Small gardens work ecologically to a large extent because they engage the miraculous power of plants, like all gardens do, but they have something more, that relates to their smallness, a special relationship with the gardener, that I'll get to soon, below.

A small wildlife garden is the location for many complex processes which lead to wonderful outcomes that are much greater than the sum of the inputs, and benefit human health, biodiversity and the planet. We do not fully understand how the magic of plants and soil works, but studies in the last decades are unpacking more and more and adding to older, more ancient knowledge. We will never know it all, much is still a mystery and therefore appears magical.

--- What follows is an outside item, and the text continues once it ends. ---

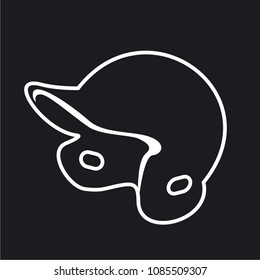 Vector illustration baseball helmet icon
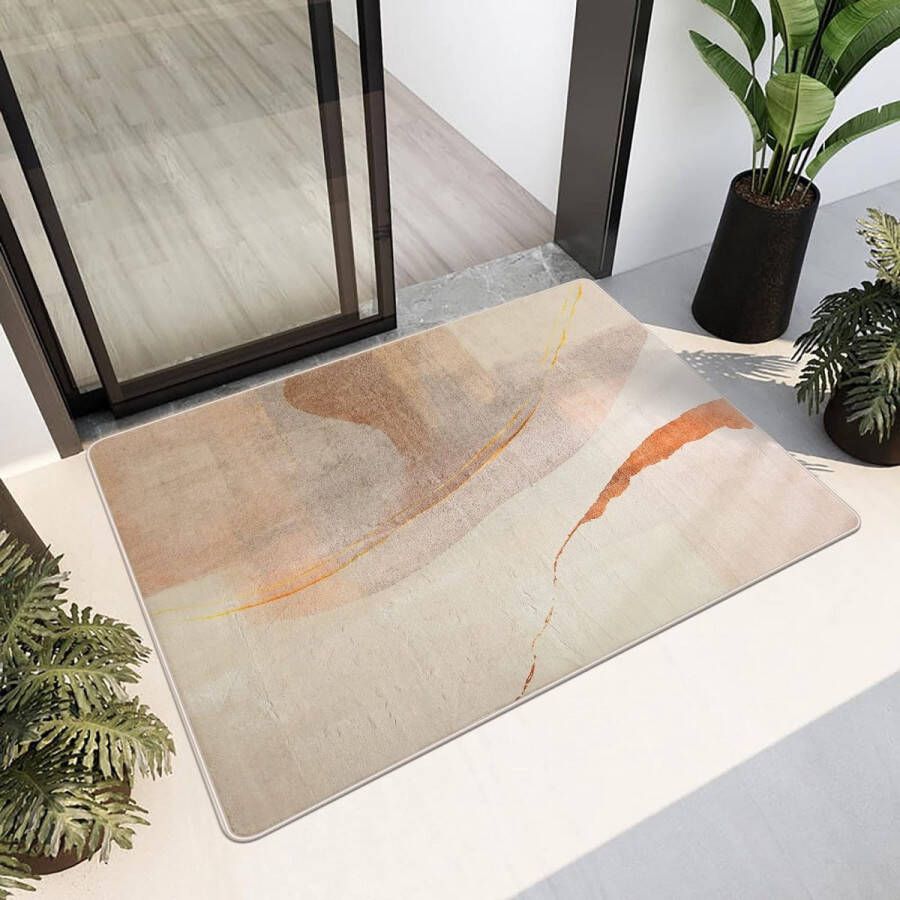 Merkloos Vloerkleed imitatie kasjmier tapijt moderne woonkamer slaapkamer gang tapijt zacht antislip tapijt indoor tapijt wasbaar abstract tapijt (bruin goud 80 x 120 cm)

The small wildlife friendly garden is of course partially man made. But it harnesses natural forces, for the benefit of the gardener, to the extent of and often beyond their knowledge and skill. There are many possible reasons why small wildlife friendly gardens ‘work’ as healing forces globally. Below are some points which came to mind.

1. The area of land covered by small gardens 

We normally think of biodiversity and ‘nature’ being safe guarded in ‘nature reserves’, but think of this: in some countries like the UK, private gardens alone take up more space than nature reserves. Taken together, if the area of land in private gardens exceeds the land area of nature reserves in a country, they have the potential to multiply the land one could term a sanctuary for life by many times.

If we count the area under private gardens, and add the small holdings, the parks, the road verges, urban gardening space like the Victory gardens in the English speaking realm, and the ‘Schrebergarten’ in the German world, an enormous amount of land is the total. All that remains to be done is get the private gardeners of the world on the side of ‘nature’ or other non-human life forms and diversity.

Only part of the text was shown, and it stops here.